Parmi ses contemporains, Wolf Prix a toujours été le plus enclin à libérer le pouvoir de la forme pure. « L’architecture est là pour offrir des possibilités d’action plus poétiques, et non ce découragement qui émane des prisons rectangulaires et non dynamiques », précise-t-il.

« Non dynamique » se rapporte au prévisible carré ou à l’architecture de boîtes, comme s’amuse à l’appeler Wolf Prix. Cette technique de fabrication robotisée est une manière pour lui de combattre les questions qui reviennent chaque fois qu’il publie un communiqué de presse à propos d’une nouvelle réalisation : peut-on justifier le choix d’une forme par son seul intérêt ? Pourquoi ce vertigineux porte-à-faux métallique alors que quelques verticales de plus auraient tout aussi bien protégé l’accès des intempéries ?

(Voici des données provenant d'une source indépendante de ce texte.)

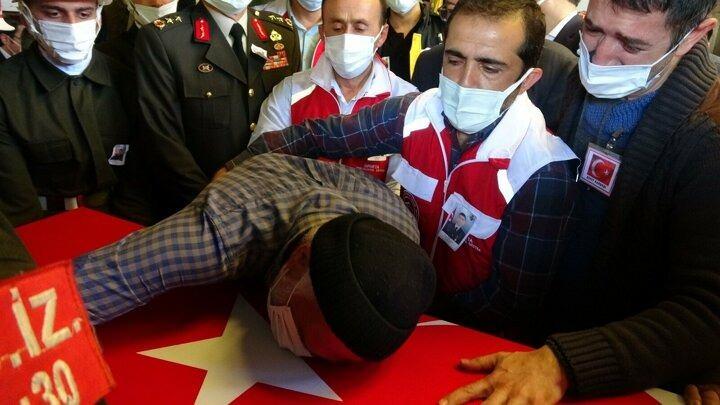 <p>Bu sırada ayakta durmakta güçlük çeken baba Sadettin Özdamar, görevlilerin yardımıyla yürüyebildi. Baba Sadettin Özdamar, “Kuzum, kuzum” diyerek ağıt yaktı.</p>
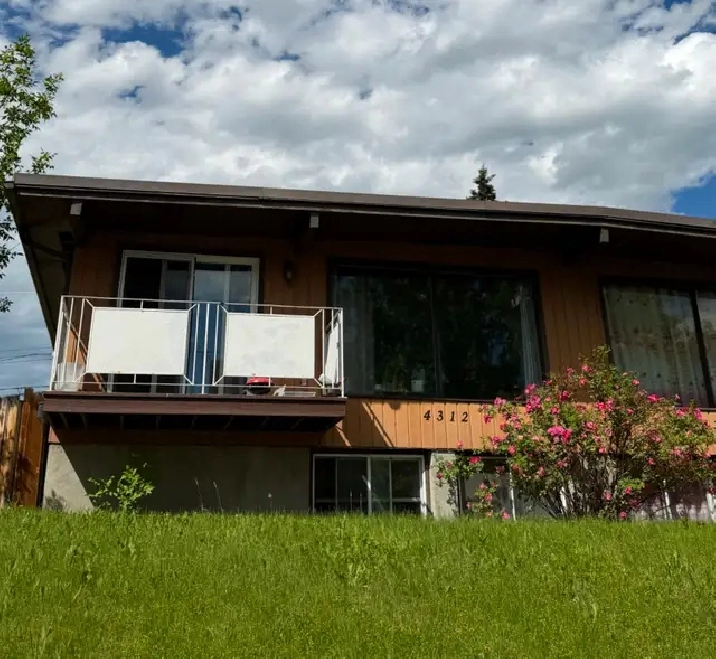 One Bedroom for rent at Dalhousie Dr. NW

À l’adresse de la génération montante d’architectes et de projeteurs qui rêve de méthodes plus expérimentales d’auto-assemblage robotisé, Wolf Prix précise que les avancées actuelles ne sont encore qu’au stade de l’ébauche.
« Les petits projets d’auto-assemblage sont plus un hobby, dit-il. Nous avons besoin de grands bâtiments également. » Ces projets sont bons pour l’habitat pavillonnaire, mais les grandes structures impliqueront des liaisons soudées solides, associées aux méthodes de construction traditionnelles.
Étant donné sa réputation de provocateur, il se pose en architecte qui, ayant dépassé le milieu de sa carrière, est plus intrigué par les applications pratiques que par les ruminations théoriques et se dit prêt à embrasser les conventions de ce champ inexploré et spéculatif, afin de marquer définitivement cette transition.